Exercise aim
Within the records that follow, restate exactly the lines from the line with "New troy lee" down to the line with "Apartment in Spain, Andalucia, 98 sq.m.", including both. Omit the pictures.

Data supplied
((

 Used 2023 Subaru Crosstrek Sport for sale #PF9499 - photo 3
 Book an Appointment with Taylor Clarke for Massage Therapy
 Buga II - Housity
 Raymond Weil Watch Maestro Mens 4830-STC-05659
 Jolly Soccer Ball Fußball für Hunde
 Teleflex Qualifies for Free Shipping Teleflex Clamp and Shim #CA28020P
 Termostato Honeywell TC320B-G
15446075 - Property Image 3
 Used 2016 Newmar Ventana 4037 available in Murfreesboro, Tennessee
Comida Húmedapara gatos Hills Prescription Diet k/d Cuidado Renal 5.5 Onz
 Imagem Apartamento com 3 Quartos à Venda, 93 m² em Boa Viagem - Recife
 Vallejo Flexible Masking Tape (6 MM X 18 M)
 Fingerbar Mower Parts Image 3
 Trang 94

))
((

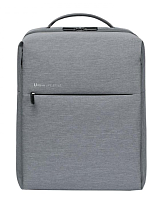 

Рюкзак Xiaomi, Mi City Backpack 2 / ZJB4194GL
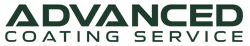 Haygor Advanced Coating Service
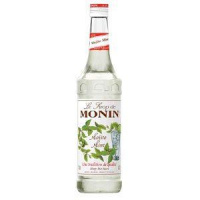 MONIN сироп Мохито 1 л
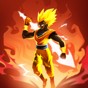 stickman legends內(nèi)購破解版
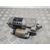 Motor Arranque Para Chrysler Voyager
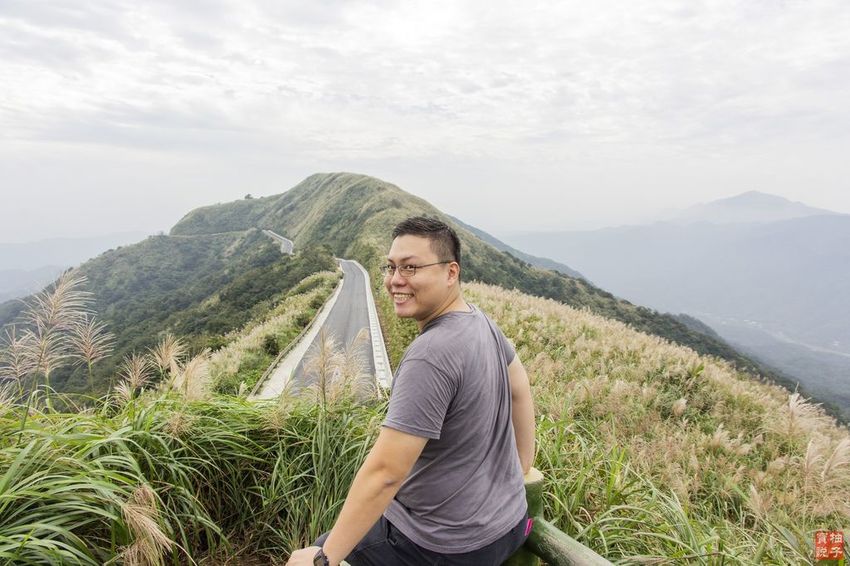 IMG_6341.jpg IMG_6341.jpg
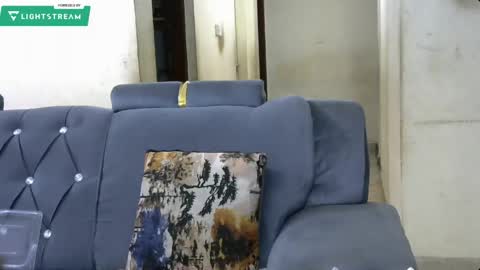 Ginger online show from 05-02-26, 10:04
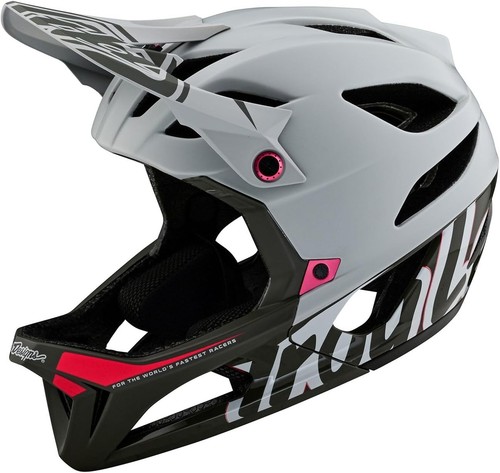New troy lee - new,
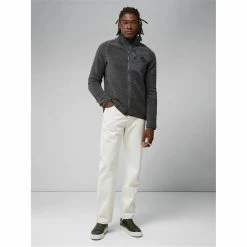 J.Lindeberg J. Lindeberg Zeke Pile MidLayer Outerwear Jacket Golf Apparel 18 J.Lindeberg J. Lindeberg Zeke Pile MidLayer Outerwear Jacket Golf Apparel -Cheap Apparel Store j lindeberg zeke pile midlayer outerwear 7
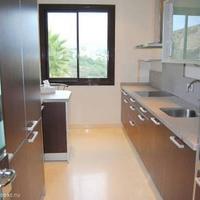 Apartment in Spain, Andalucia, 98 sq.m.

))
((

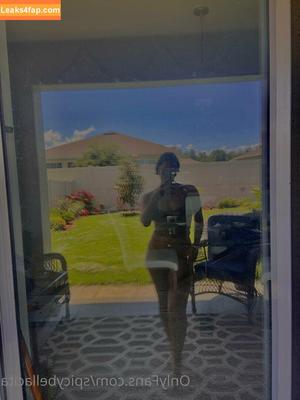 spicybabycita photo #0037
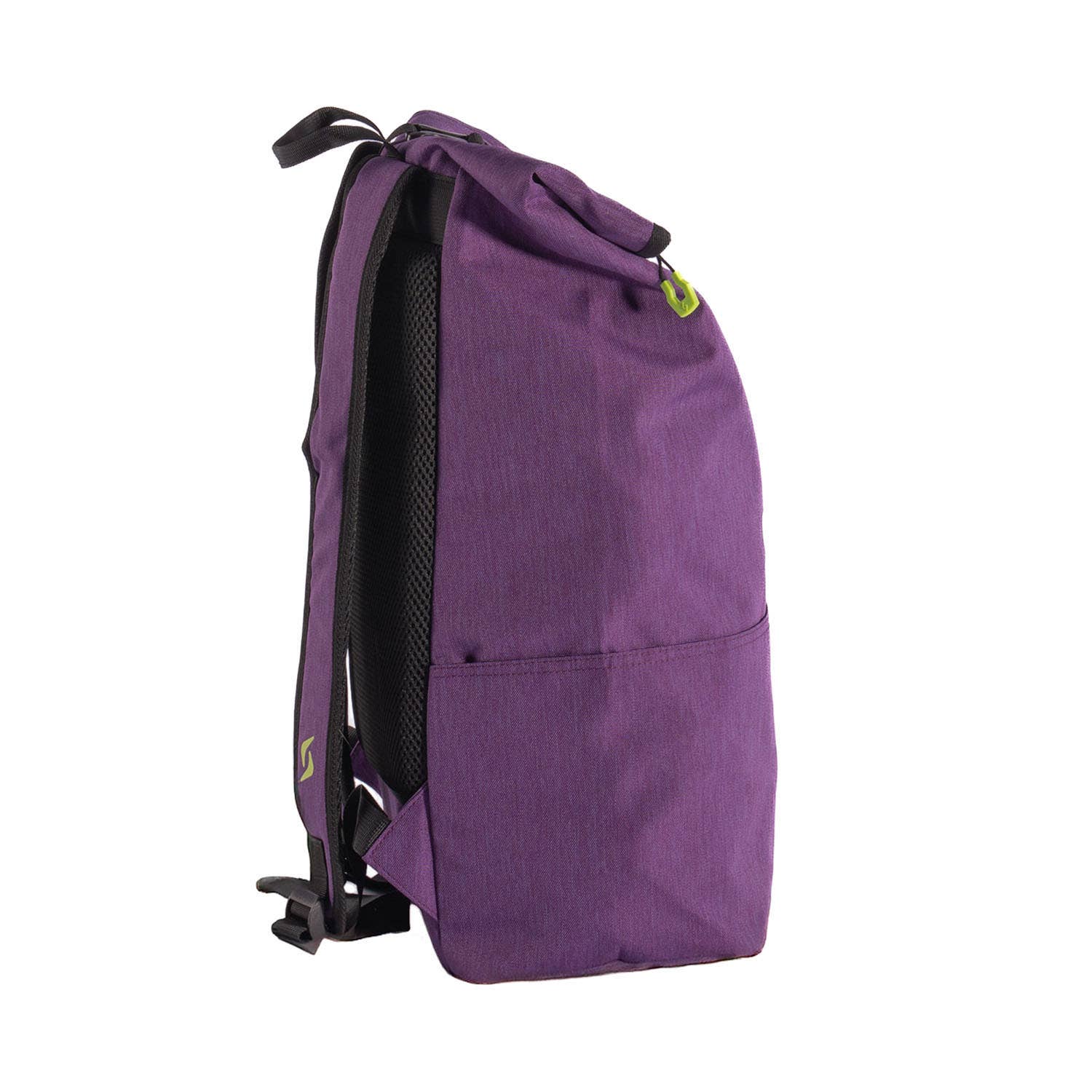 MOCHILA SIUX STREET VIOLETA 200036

))

Task output
New troy lee - new,
 J.Lindeberg J. Lindeberg Zeke Pile MidLayer Outerwear Jacket Golf Apparel 18 J.Lindeberg J. Lindeberg Zeke Pile MidLayer Outerwear Jacket Golf Apparel -Cheap Apparel Store j lindeberg zeke pile midlayer outerwear 7
 Apartment in Spain, Andalucia, 98 sq.m.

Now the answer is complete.